> _Problem requirements_
Repeat the lines below exactly as written, please, from the line with "Korean sensation Song" to the line with "2024 New Folded", both lines included, and no others.

> _Data for this exercise_
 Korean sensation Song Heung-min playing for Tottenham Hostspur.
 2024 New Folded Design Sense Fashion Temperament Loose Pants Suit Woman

* * *

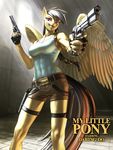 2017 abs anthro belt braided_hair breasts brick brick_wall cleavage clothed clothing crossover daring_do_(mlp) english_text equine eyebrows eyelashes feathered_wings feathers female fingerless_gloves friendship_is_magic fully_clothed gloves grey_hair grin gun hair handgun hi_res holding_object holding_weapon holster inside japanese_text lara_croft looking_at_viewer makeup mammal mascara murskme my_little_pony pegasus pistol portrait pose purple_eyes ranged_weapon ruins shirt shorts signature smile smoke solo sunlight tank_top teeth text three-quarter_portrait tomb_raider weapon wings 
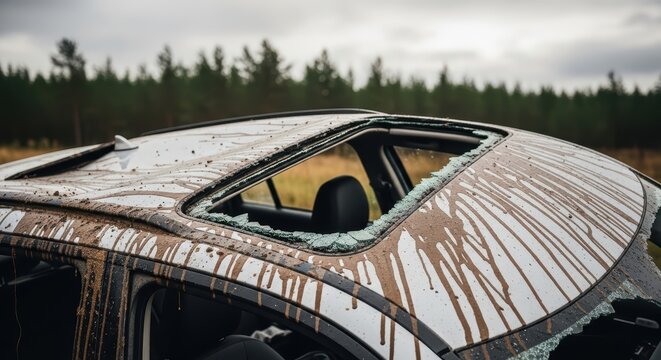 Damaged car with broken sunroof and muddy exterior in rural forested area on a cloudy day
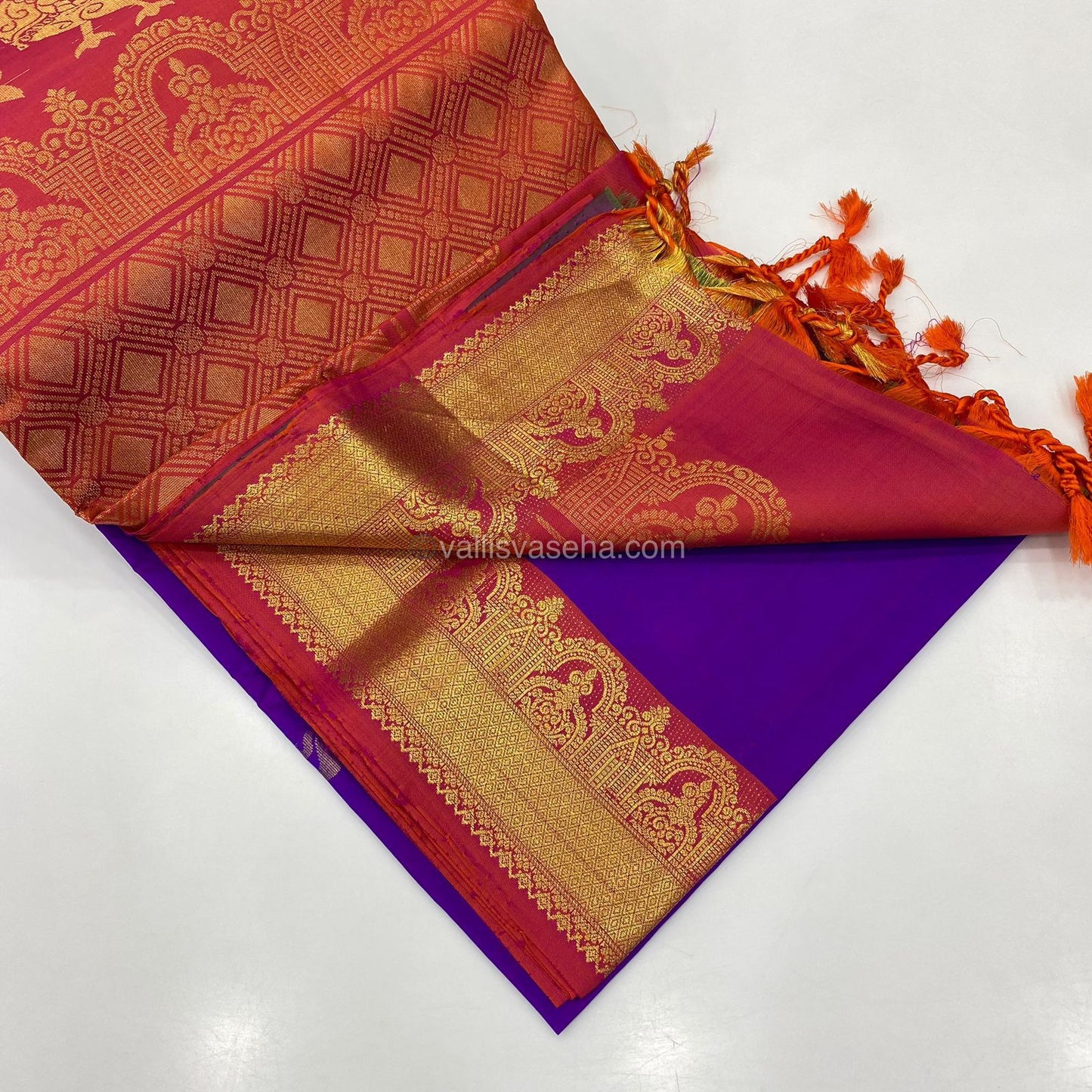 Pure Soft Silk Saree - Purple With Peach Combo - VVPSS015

...

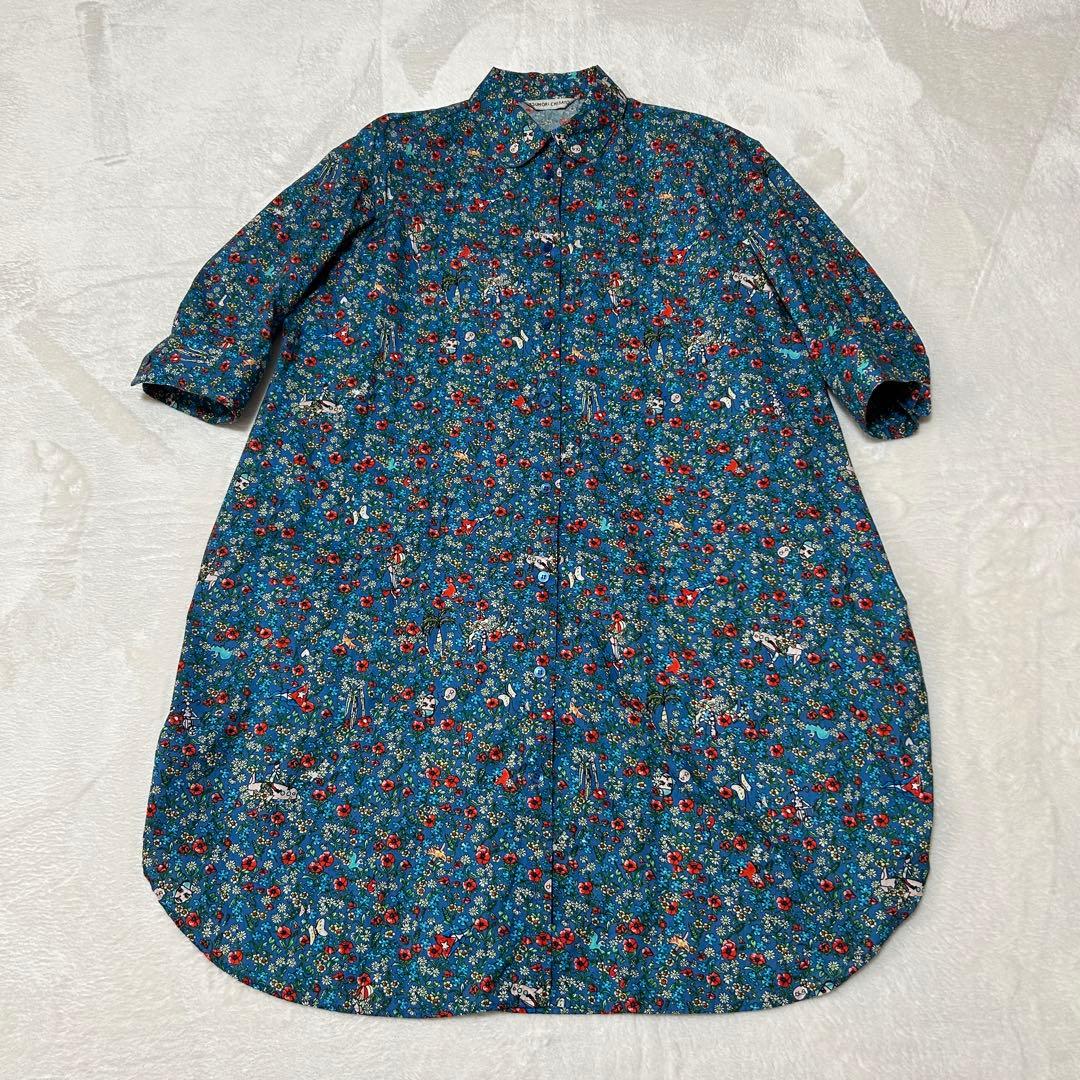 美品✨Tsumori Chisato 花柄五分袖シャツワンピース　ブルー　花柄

> _Result_
 Korean sensation Song Heung-min playing for Tottenham Hostspur.
 2024 New Folded Design Sense Fashion Temperament Loose Pants Suit Woman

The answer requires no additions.